Team ingestion set up a test team (team_id 7964) with only person-on-events. We use this for all initial testing, ensuring things work, and then move on to enabling it for team 2 when the backfill is done, which will take a bit longer.

Each piece of work should be self-contained, such that enabling this setting doesn't bork other things which haven't yet been switched on. The new CI tests should automatically ensure this.


Clean up

Once this migration is over, there's a lot of things in flux that we should clean up (and think about self-hosted users upgrade path & ramifications).
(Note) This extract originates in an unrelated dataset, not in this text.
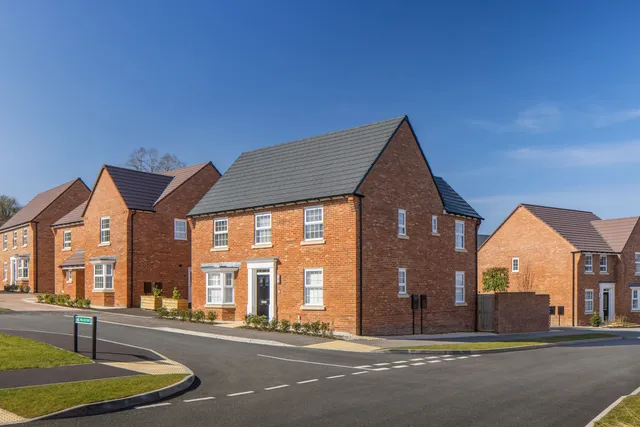 Donnington Heights, Newbury, RG14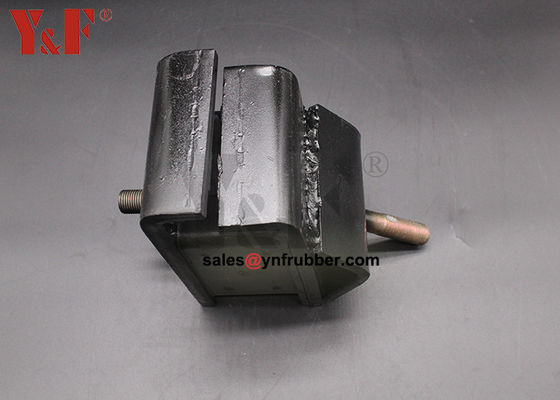 M12 / M8 / M6 Flanged Gumowe Uchwyty Z Wysokim Zmniejszeniem Wibracji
List of things to remove:

  1. [ ] Aggregation by distinct IDs
  2. [ ] Person property pushdowns
  3. [ ] Person and distinctID joins
  4. [ ] Group joins
  5. [ ] Remove tests marked with TODO: Delete after
  6. [ ] Switch the default CI tests over to person-on-events
  7. [ ] (maybe?) remove using_person_on_events parameter

Problems to address

This section is for things that came up during implementation that we need a broader discussion for

  1. [x] Funnel Property Filters and Breakdowns can get borked when using point-in-time person properties for funnels where the first (or last) event doesn't have that property (ex: pre signup)
  2. [x] Lifecycle query depends on person.created_at column, which isn't yet exposed on the events table. If this query ever supports groups, the same would apply to $group_X.created_at
Twixes commented 1 year ago

Anything remaining from this list? 👀

neilkakkar commented 1 year ago

Yes, all the cleanup